Of course, results calculated using such a small dataset are not very meaningful. If we obtained these scores from a large, representative evaluation dataset, it would indicate to us that Strategy 1 risks introducing many incorrect relationships, while Strategy 2 would be unlikely to do so. In both cases, we would still expect approximately half of the possible relationships to be missing from the strategies’ outputs.

Which one is more important to prioritise, precision or recall? It depends on the use case. As a general rule, if you want to use the strategy in a fully automated way, without any form of manual review or correction of the results, we recommend paying more attention to precision. Privileging precision will allow you to better control the number of incorrect relationships added to your data. If you want to use the strategy in a semi-automated fashion, where there is a manual examination of and a chance to correct the results, pay more attention to recall. Doing so will guarantee that enough options are presented during the manual review stage and fewer relationships will be missed as a result.

To get a more balanced estimation of performance, we can also consider both precision and recall at the same time using a measure called F-score. F-score combines precision and recall into a single number, with variable weight given to either aspect. There are three commonly used types, each calculated as the weighted harmonic mean of precision and recall:

  • F0.5: Precision is weighted more heavily. It can be understood as a score that is 50% more sensitive to precision than recall. A high F0.5 score indicates a measure of performance that minimises false positives.
  • F1: Equal weight is given to both precision and recall. It can be interpreted as the most balanced score in this set. High F1 indicates good overall performance, with both false positives and false negatives being minimised equally.
  • F2: Recall is weighted more heavily. It can be understood as a score that is 50% more sensitive to recall than precision. A high F2 score indicates a measure of performance where false negatives are minimised.
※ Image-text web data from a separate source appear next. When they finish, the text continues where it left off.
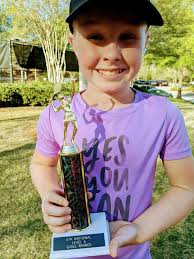 Congrats to the sister-brother duo of Lyla and Tristan. Lyla won the 12 and  under title at the UTA Tennis Jr. Championships staying very composed.  Tristan finished second in the boys 10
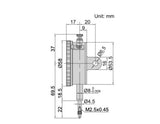 INSIZE  Dial Indicator (Basic Type ) 2301-10
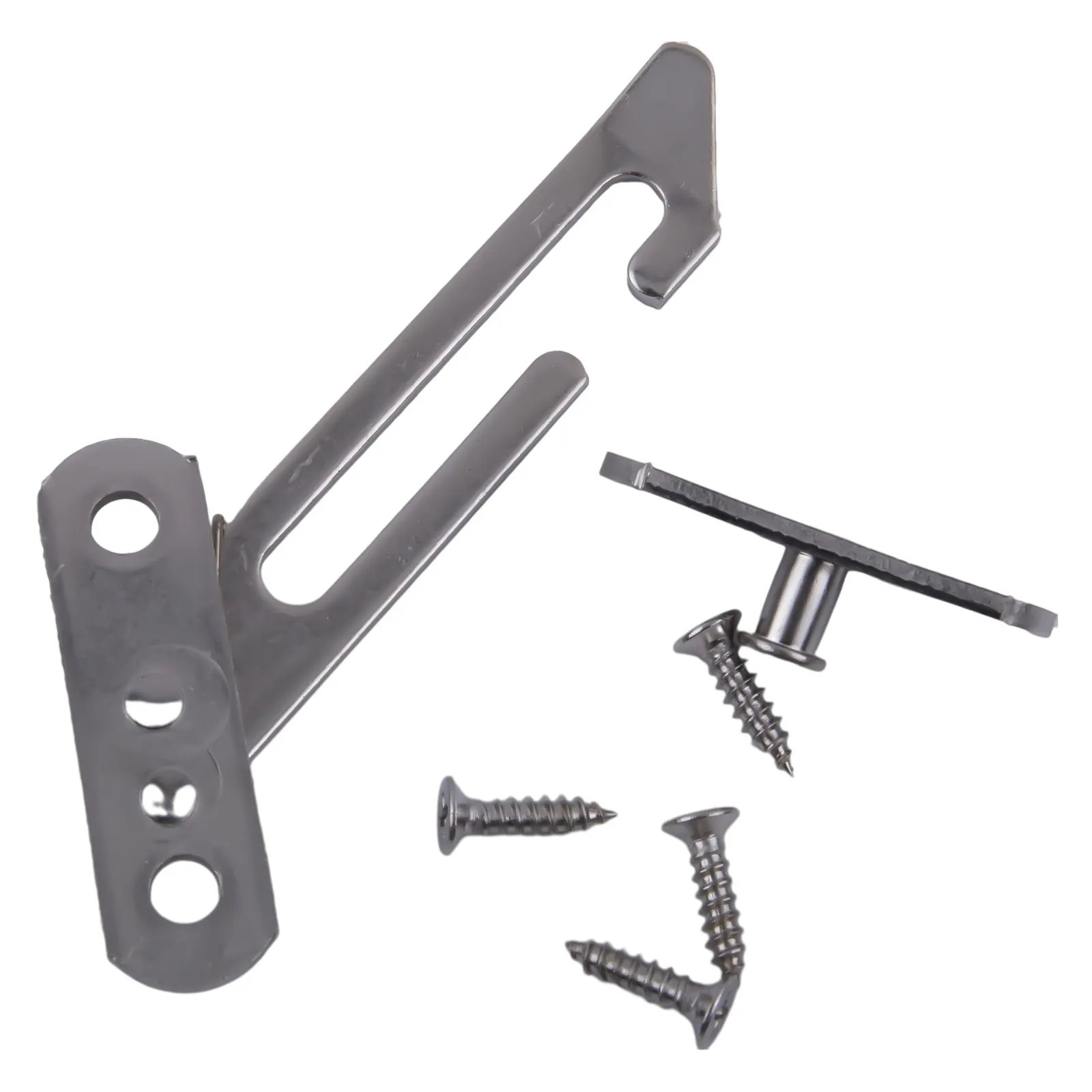 Description Picture 6 of itemSupport Wind Hook Latches Adjustable Limiter Latch Wind Brace Stay Position Stopper Casement Blocking Lock Protector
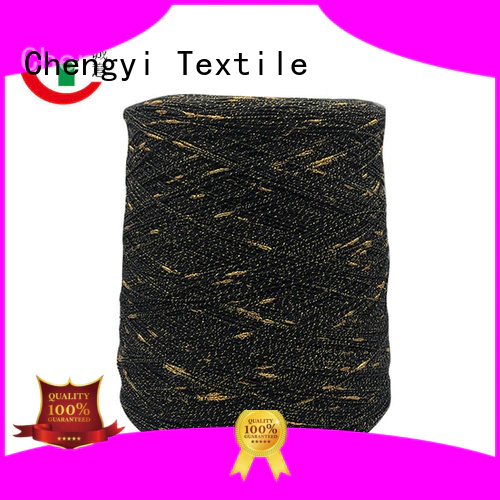 Chengyi colorful dot yarn 100% polyester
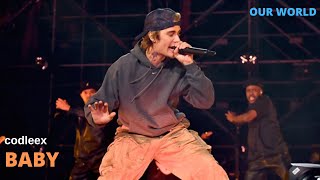 Justin Bieber  Baby (live from Amazon Our World) HD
Each of these variants allows for fine-tuning the evaluation metric to align with your expectations for a specific matching task. Choose whichever reflects the relative importance of precision versus recall for your use case.

To summarise, to avoid falling prey to misleading sales pitches or silly quizzes, it is important to have a good understanding of the performance of any strategies you are building or integrating. With thorough evaluation, including a representative dataset and carefully considered metrics, we can estimate the quality of matching and, by extension, its resulting relationships.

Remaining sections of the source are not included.